En cinq mois de bombardements intensifs, Moscou a été capable de "changer l'équilibre des forces sur le terrain au profit du régime", souligne-t-il.
La force de frappe russe, composée de bombardiers Su-24, d'avions d'attaque au sol Su-25 et de chars T-90, a permis à l'armée syrienne d'engranger des victoires alors qu'elle se trouvait en mauvaise posture l'été dernier. Les Occidentaux ont accusé toutefois la Russie de privilégier des frappes sur les rebelles plutôt que sur l'organisation jihadiste Etat islamique (EI) et les autres groupes jihadistes.
Pour Thomas Pierret, spécialiste de la Syrie à l'université d'Edimbourg, les bombardiers russes "ont stoppé l'avancée des rebelles et permis au régime (...) de reprendre des positions stratégiques à Alep, Lattaquié, Damas et Deraa".
L'armée syrienne est dans une phase de reconquête, résume Aron Lund, alors que les groupes rebelles perdent du terrain surtout depuis l'offensive d'envergure lancée par le régime dans la province d'Alep en février.
L'annonce du retrait russe soulève de nombreuses questions: le régime va-t-il poursuivre cette offensive? Arrivera-t-il à maintenir ses positions autour de la province de Lattaquié, bastion de la communauté alaouite dont est issue la famille Assad?
Aider le régime à Palmyre
"L'annonce du retrait des troupes russes est surtout psychologique", estime le géographe et spécialiste de la Syrie Fabrice Balanche. "Il pourrait être interprété comme un abandon de Bachar al-Assad, mais on voit que l'opposition syrienne ne se réjouit pas. Elle attend de voir si ce retrait est effectif ou non".
La Russie devrait maintenir en Syrie 800 soldats, selon le président de la commission Défense du Conseil de la Fédération (chambre basse du Parlement), Viktor Ozerov.
En ce qui concerne les capacités militaires du régime, la Russie a préparé son retrait en livrant à son allié de "nouveaux chars capables de résister aux missiles TOW", ainsi que des des avions et des hélicoptères, affirme M. Balanche. Des ultra-modernes batteries de défense antiaérienne S-400 resteront en place.
Pour Aron Lund, le régime va également pouvoir continuer à compter sur l'aviation russe dans sa lutte contre les groupes jihadistes, notamment dans l'est du pays.
Les appareils russes l'ont montré mardi en menant des raids aériens sur les alentours de la cité antique de Palmyre, aux mains du groupe Etat islamique (EI) depuis mai 2015.
Reprendre Palmyre "sans l'aviation russe sera difficile pour les forces du régime", selon M. Pierret.
L'EI n'a pas réagi à l'annonce du président Poutine, contrairement au Front Al-Nosra, branche syrienne d'Al-Qaïda.
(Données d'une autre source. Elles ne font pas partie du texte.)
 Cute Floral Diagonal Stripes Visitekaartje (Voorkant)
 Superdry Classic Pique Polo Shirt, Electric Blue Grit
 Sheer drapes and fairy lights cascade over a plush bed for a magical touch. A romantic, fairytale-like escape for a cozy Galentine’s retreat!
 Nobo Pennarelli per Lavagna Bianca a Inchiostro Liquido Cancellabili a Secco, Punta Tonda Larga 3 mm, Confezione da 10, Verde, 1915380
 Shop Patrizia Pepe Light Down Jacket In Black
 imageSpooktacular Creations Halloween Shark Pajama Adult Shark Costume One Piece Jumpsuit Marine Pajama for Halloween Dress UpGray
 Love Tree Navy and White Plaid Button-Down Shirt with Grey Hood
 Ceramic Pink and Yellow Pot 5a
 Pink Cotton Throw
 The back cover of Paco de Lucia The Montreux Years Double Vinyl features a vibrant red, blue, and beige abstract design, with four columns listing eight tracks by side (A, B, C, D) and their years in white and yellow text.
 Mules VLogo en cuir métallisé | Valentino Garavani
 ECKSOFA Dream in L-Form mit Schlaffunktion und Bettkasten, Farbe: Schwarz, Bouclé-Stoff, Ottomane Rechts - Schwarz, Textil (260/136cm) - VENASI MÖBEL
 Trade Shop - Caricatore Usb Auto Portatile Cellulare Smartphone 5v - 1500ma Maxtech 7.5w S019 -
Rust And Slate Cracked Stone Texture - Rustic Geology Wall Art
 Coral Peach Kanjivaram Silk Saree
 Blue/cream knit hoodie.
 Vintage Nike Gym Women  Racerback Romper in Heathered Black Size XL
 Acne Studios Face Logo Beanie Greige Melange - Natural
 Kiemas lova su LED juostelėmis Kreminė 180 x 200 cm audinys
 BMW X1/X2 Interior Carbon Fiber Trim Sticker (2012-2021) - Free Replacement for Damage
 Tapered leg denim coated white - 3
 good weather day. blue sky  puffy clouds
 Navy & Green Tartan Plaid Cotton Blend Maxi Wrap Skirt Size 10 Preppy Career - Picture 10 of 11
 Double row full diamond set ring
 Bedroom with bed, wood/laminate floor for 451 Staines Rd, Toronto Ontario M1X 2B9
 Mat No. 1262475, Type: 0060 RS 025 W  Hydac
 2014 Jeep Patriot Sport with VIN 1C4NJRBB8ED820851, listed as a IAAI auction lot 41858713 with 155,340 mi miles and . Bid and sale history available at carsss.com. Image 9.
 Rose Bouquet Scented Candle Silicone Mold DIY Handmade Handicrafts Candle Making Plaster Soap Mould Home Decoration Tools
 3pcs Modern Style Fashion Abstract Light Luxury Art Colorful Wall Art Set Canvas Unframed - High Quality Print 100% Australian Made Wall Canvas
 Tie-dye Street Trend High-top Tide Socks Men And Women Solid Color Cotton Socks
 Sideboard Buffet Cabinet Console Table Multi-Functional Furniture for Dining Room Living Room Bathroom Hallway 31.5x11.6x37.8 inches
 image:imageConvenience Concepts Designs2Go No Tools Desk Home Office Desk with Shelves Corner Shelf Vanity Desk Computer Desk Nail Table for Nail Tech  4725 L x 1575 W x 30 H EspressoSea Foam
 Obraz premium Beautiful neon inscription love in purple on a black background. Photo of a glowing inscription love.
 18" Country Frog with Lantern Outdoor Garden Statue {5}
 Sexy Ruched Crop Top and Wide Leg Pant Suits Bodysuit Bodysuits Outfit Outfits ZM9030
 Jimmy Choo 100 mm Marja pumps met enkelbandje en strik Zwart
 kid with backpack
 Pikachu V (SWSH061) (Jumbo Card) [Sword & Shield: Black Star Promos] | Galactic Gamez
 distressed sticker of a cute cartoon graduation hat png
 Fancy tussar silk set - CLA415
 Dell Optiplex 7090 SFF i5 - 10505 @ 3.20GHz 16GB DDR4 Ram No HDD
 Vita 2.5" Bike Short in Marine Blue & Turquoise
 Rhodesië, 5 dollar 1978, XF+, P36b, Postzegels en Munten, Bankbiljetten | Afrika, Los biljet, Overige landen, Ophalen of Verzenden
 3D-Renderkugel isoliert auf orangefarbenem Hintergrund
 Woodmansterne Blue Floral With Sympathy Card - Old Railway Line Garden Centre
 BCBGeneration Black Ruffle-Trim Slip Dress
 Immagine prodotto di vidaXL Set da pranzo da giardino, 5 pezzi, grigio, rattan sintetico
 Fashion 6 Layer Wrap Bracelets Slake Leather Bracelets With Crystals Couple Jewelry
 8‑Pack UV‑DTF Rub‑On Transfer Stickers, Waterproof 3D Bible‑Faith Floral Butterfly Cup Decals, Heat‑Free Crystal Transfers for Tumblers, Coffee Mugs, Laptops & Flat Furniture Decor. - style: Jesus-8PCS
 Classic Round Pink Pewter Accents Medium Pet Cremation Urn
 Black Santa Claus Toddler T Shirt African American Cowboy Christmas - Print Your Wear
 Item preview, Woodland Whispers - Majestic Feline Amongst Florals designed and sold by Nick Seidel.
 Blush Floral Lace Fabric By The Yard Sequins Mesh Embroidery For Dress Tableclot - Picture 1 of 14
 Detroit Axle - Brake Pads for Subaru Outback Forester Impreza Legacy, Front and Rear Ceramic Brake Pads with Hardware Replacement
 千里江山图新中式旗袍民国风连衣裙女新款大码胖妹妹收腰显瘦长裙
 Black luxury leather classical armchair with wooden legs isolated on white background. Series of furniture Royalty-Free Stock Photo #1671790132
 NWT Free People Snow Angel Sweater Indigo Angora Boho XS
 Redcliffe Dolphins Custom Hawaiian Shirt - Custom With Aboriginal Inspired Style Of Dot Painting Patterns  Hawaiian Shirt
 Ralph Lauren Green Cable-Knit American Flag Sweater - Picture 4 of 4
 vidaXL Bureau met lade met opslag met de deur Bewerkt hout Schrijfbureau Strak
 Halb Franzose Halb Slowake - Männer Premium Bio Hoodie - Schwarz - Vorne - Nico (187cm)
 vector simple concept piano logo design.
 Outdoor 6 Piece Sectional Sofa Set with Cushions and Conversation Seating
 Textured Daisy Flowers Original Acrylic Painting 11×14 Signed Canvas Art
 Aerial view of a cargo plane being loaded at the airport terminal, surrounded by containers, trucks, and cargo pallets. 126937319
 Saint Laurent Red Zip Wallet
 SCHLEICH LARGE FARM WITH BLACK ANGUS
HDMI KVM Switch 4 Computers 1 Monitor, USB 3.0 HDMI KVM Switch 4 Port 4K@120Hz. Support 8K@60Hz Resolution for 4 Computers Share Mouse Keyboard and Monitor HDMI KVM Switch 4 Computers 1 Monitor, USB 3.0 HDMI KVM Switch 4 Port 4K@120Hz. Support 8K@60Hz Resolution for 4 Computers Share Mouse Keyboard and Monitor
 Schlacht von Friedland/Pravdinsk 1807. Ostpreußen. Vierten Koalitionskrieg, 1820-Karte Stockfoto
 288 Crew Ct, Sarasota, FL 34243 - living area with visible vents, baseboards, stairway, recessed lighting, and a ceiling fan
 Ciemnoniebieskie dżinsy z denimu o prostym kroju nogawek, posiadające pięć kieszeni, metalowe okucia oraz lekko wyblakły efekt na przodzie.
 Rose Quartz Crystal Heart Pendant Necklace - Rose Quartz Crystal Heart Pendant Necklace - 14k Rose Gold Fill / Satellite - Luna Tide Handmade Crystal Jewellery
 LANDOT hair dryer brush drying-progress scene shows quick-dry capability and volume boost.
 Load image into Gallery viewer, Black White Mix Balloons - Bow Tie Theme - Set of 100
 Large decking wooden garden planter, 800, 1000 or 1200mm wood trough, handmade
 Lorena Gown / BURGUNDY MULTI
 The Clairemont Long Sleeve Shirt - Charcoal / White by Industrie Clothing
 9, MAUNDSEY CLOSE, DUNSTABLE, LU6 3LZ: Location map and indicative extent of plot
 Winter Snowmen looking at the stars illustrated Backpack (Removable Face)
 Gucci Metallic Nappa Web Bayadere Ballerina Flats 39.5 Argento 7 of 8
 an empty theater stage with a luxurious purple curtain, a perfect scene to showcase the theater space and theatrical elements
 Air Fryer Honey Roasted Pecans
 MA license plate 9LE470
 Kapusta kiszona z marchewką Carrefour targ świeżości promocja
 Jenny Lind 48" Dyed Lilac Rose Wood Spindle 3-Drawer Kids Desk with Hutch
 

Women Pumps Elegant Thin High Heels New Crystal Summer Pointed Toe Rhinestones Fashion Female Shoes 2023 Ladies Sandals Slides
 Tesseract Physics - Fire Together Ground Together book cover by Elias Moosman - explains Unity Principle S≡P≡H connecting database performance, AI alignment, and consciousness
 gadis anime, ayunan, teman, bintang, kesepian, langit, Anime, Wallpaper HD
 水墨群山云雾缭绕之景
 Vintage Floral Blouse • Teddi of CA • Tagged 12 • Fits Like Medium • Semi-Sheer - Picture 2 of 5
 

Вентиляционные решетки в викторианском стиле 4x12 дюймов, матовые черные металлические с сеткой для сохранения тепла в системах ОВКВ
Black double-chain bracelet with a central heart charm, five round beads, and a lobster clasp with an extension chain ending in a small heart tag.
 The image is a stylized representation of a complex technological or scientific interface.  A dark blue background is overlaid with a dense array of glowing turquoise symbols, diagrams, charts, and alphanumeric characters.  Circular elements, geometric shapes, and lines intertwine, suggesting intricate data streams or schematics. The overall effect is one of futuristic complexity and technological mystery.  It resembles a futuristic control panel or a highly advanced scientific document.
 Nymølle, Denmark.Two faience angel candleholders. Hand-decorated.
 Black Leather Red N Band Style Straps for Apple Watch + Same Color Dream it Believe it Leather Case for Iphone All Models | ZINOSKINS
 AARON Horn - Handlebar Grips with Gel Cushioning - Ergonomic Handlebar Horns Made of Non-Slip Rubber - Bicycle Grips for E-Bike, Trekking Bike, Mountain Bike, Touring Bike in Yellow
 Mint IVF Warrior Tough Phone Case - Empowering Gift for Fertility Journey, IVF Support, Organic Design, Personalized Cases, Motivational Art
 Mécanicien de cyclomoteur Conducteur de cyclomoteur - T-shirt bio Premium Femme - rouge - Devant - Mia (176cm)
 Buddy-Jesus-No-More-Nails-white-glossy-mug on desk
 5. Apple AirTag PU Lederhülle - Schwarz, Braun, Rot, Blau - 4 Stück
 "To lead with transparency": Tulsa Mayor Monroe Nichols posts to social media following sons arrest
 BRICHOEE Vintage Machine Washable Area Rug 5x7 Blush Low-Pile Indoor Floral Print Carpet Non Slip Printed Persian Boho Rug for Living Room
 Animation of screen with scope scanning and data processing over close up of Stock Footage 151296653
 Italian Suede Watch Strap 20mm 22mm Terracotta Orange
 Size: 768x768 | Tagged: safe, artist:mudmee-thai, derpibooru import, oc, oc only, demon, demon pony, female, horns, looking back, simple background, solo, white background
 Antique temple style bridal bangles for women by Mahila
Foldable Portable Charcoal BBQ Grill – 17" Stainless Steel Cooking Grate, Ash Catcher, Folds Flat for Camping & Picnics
Ces deux principaux mouvements jihadistes sont exclus de la trêve des combats en place depuis le 27 février.
"Il est clair que la Russie a subi une défaite, et dans les prochaines 48 heures, le Front al-Nosra va lancer une offensive en Syrie", a affirmé à l'AFP via Skype un commandant de ce groupe sur le terrain.
En raison des frappes russes, Al-Qaïda allié à des groupes islamistes a perdu de nombreux secteurs dans la province de Lattaquié ainsi qu'une grande partie de la province d'Alep.